Warga Temukan Mayat Perempuan di Saluran Irigasi Desa Siasem Brebes

Penemuan Mayat di Brebes
Jajaran Sat Reskrim Polsek Wanasari melakukan evakuasi mayat di saluran irigasi Desa Siasem. (Foto: Istimewa)

BREBES – Warga Desa Siasem, Kecamatan Wanasari, Kabupaten Brebes, digegerkan dengan penemuan mayat perempuan di saluran irigasi masuk Desa Siasem Limbungan, Rabu (14/1/2026) pagi. Mayat tersebut pertama kali ditemukan sekitar pukul 09.30 WIB oleh warga setempat dan dilaporkan ke Polsek Wanasari sepuluh menit kemudian.

Korban diketahui bernama Khoriyah binti Rebin (55), warga Desa Tegalgandu, Kecamatan Wanasari, Kabupaten Brebes. Pelapor, Toip bin Rasman (54), seorang petani asal Desa Siasem, mengatakan awalnya ia bersama sejumlah saksi melihat sesosok tubuh perempuan mengapung di saluran irigasi dalam kondisi tengkurap.

“Korban terlihat mengapung di saluran irigasi dalam keadaan tidak mengenakan pakaian,” kata pelapor.

Bersama para saksi, pelapor kemudian mengangkat jasad korban ke tepi jalan irigasi sebelum melaporkan kejadian tersebut ke pihak kepolisian.

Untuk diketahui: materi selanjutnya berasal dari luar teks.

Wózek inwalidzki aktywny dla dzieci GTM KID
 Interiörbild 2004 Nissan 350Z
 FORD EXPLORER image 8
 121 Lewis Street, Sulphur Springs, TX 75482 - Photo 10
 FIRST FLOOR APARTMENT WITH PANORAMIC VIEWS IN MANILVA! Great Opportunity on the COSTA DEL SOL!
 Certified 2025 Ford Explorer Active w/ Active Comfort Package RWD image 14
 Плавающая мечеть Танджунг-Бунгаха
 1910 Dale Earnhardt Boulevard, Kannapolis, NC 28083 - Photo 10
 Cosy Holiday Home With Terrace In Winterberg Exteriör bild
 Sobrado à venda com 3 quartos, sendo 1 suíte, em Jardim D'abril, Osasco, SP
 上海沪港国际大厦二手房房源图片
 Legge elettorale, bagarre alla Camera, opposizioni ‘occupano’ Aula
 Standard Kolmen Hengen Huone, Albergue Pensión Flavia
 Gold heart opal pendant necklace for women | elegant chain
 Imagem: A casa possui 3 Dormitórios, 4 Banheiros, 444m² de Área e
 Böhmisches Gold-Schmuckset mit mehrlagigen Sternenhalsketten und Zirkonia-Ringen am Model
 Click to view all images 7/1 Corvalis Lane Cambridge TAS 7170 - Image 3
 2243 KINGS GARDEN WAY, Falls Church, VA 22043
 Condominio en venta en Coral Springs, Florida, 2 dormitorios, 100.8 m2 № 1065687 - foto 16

Mendapat laporan tersebut, Kapolsek Wanasari, AKP Joko Widianto bersama Kanit Reskrim dan anggota langsung mendatangi lokasi kejadian untuk melakukan olah tempat kejadian perkara (TKP).

“Jasad korban dievakuasi ke RSUD Brebes untuk dilakukan pemeriksaan medis,” kata Kapolsek.

Berdasarkan hasil pemeriksaan awal oleh dokter RSUD Brebes, tidak ditemukan tanda-tanda kekerasan pada tubuh korban. Tim Inafis Polres Brebes juga melakukan identifikasi dan memastikan identitas korban sebagai Khoriyah binti Rebin.

Dari hasil klarifikasi pihak keluarga, diketahui bahwa korban merupakan orang dengan gangguan jiwa (ODGJ) sejak sekitar tahun 2011, setelah ditinggal suaminya menikah kembali.

“Korban diketahui sehari-hari tinggal seorang diri di rumah dan kerap keluar rumah tanpa mengenakan pakaian,” tambahnya.

Pihak keluarga juga menyampaikan bahwa rumah korban sering dikunci dari luar untuk mencegah korban keluar rumah dalam kondisi telanjang. Hingga saat ini, pihak kepolisian menyatakan tidak ditemukan unsur tindak pidana dalam peristiwa tersebut.

“Kami tetap melakukan pendalaman untuk memastikan penyebab pasti meninggalnya korban,” tandasnya.